#### Problem details
Please transcribe the entries exactly and omit the images they contain.

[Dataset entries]
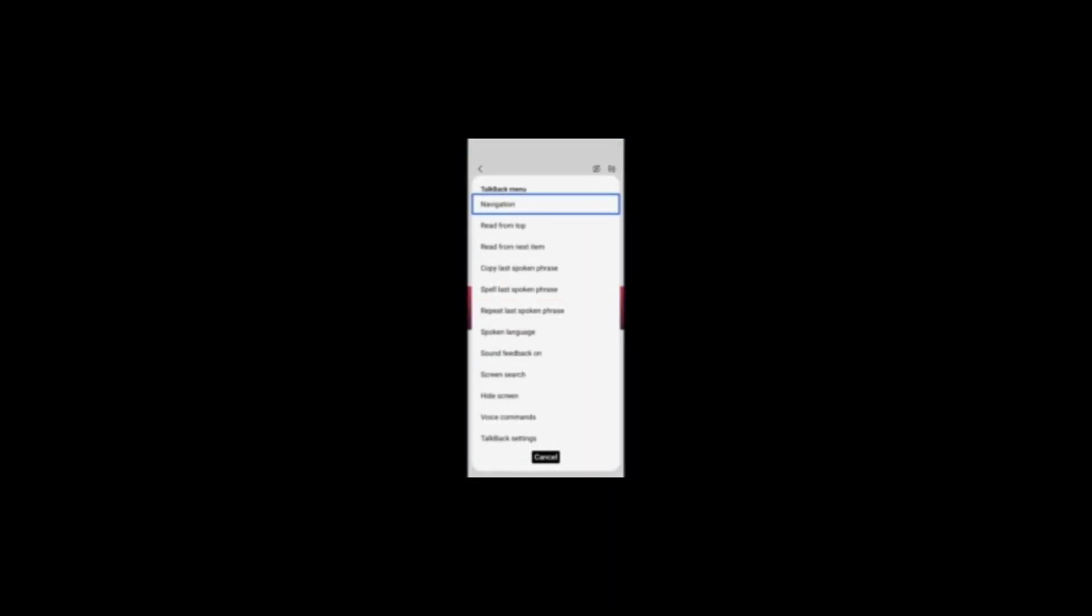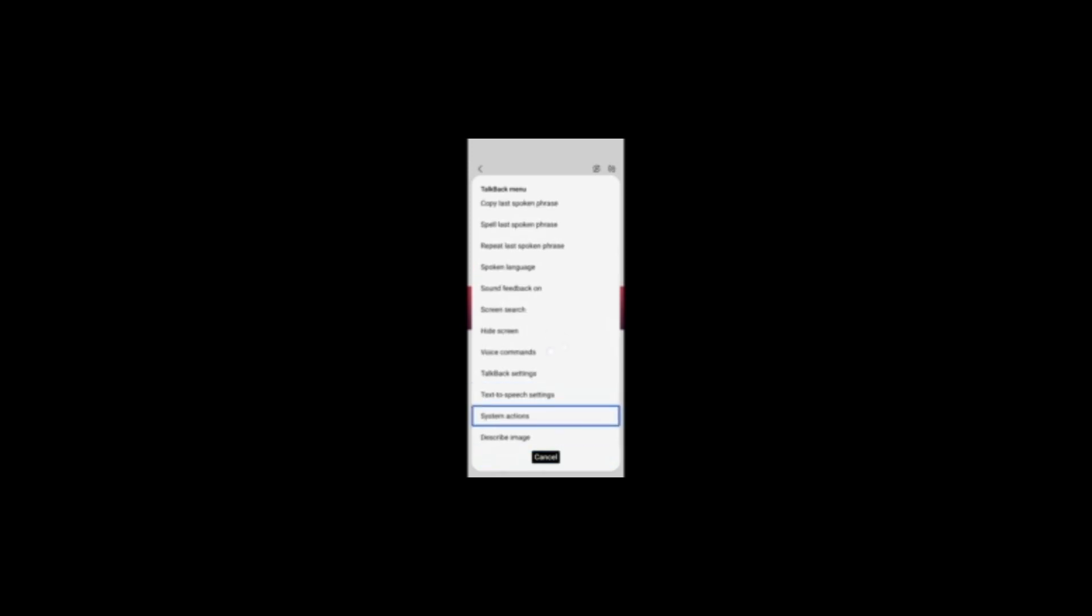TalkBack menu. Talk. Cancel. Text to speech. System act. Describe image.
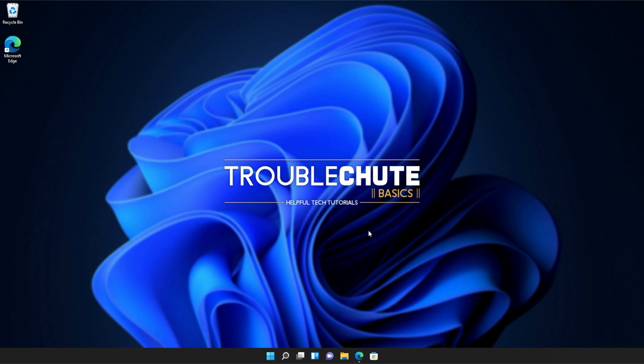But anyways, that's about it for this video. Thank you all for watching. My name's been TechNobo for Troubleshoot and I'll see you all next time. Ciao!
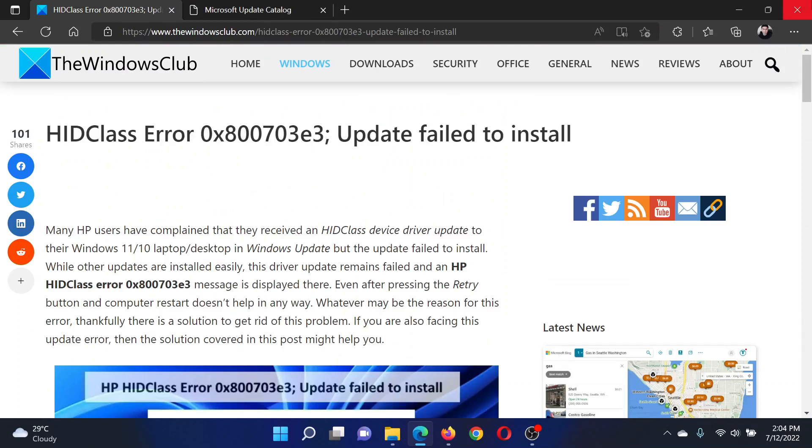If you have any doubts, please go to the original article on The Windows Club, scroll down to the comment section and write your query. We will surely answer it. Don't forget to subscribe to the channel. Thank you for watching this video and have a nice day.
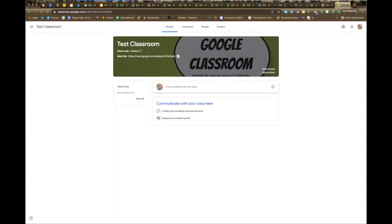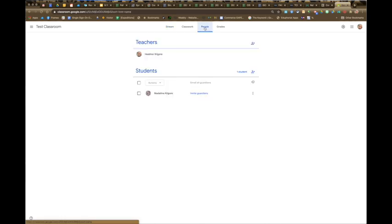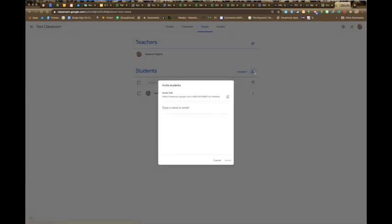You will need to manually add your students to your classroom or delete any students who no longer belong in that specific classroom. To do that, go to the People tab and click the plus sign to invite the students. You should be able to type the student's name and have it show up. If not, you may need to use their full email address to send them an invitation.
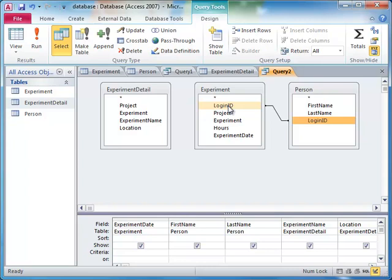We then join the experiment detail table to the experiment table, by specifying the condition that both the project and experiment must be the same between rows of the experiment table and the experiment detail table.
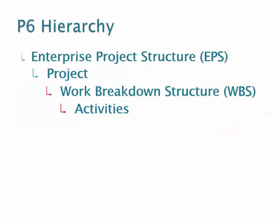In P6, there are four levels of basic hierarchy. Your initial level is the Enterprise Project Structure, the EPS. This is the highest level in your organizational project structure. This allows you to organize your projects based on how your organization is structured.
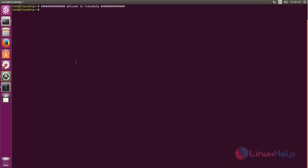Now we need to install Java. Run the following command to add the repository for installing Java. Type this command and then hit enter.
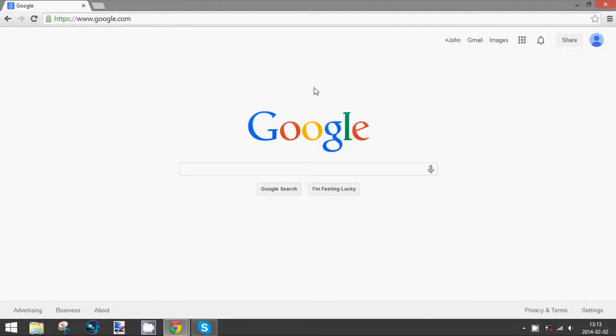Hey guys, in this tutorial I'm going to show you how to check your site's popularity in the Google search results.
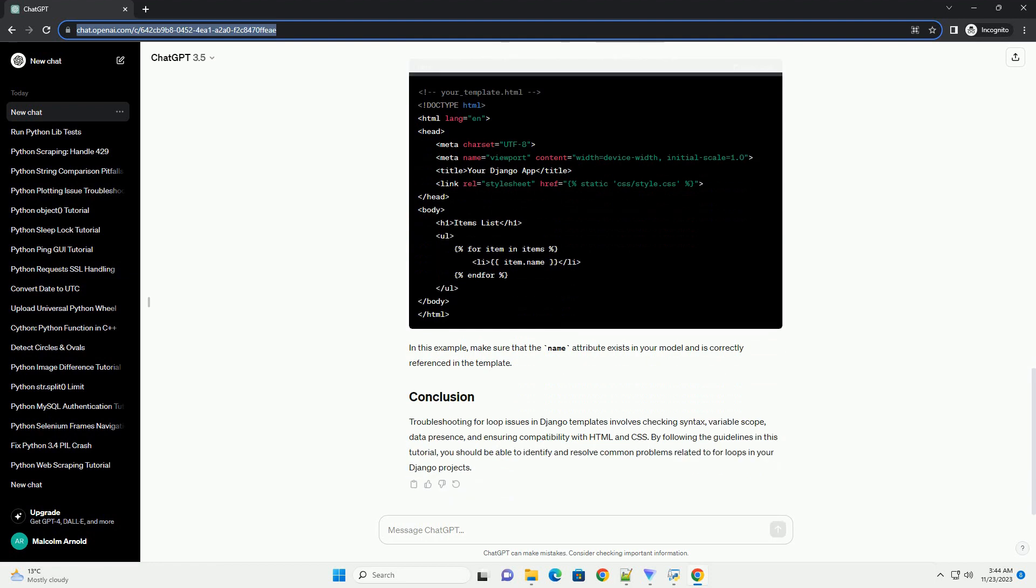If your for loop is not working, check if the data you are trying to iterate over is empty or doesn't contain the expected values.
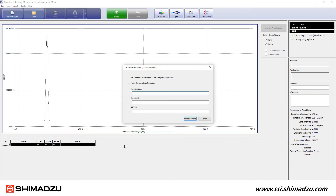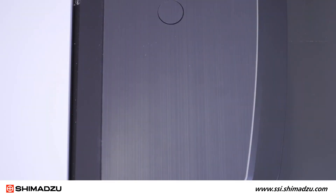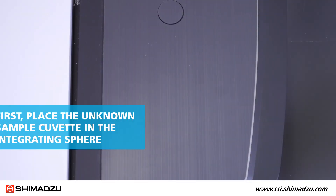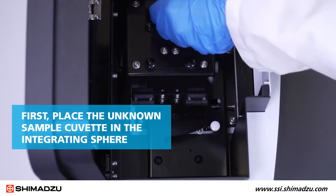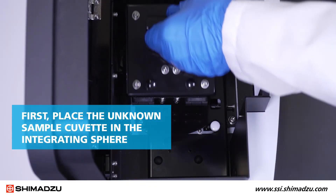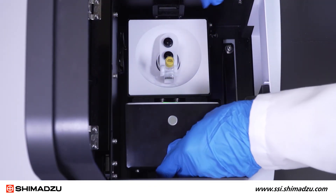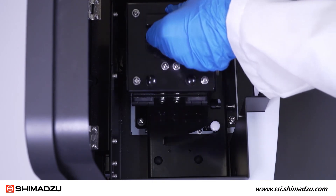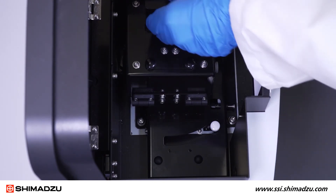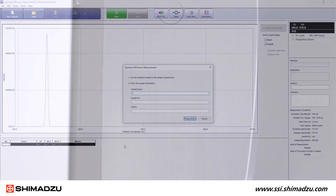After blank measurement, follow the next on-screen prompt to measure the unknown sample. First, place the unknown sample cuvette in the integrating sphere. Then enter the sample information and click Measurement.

#### Answer section
TalkBack menu. Talk. Cancel. Text to speech. System act. Describe image.
But anyways, that's about it for this video. Thank you all for watching. My name's been TechNobo for Troubleshoot and I'll see you all next time. Ciao!
If you have any doubts, please go to the original article on The Windows Club, scroll down to the comment section and write your query. We will surely answer it. Don't forget to subscribe to the channel. Thank you for watching this video and have a nice day.
You will need to manually add your students to your classroom or delete any students who no longer belong in that specific classroom. To do that, go to the People tab and click the plus sign to invite the students. You should be able to type the student's name and have it show up. If not, you may need to use their full email address to send them an invitation.
We then join the experiment detail table to the experiment table, by specifying the condition that both the project and experiment must be the same between rows of the experiment table and the experiment detail table.
In P6, there are four levels of basic hierarchy. Your initial level is the Enterprise Project Structure, the EPS. This is the highest level in your organizational project structure. This allows you to organize your projects based on how your organization is structured.
Now we need to install Java. Run the following command to add the repository for installing Java. Type this command and then hit enter.
Hey guys, in this tutorial I'm going to show you how to check your site's popularity in the Google search results.
If your for loop is not working, check if the data you are trying to iterate over is empty or doesn't contain the expected values.
After blank measurement, follow the next on-screen prompt to measure the unknown sample. First, place the unknown sample cuvette in the integrating sphere. Then enter the sample information and click Measurement.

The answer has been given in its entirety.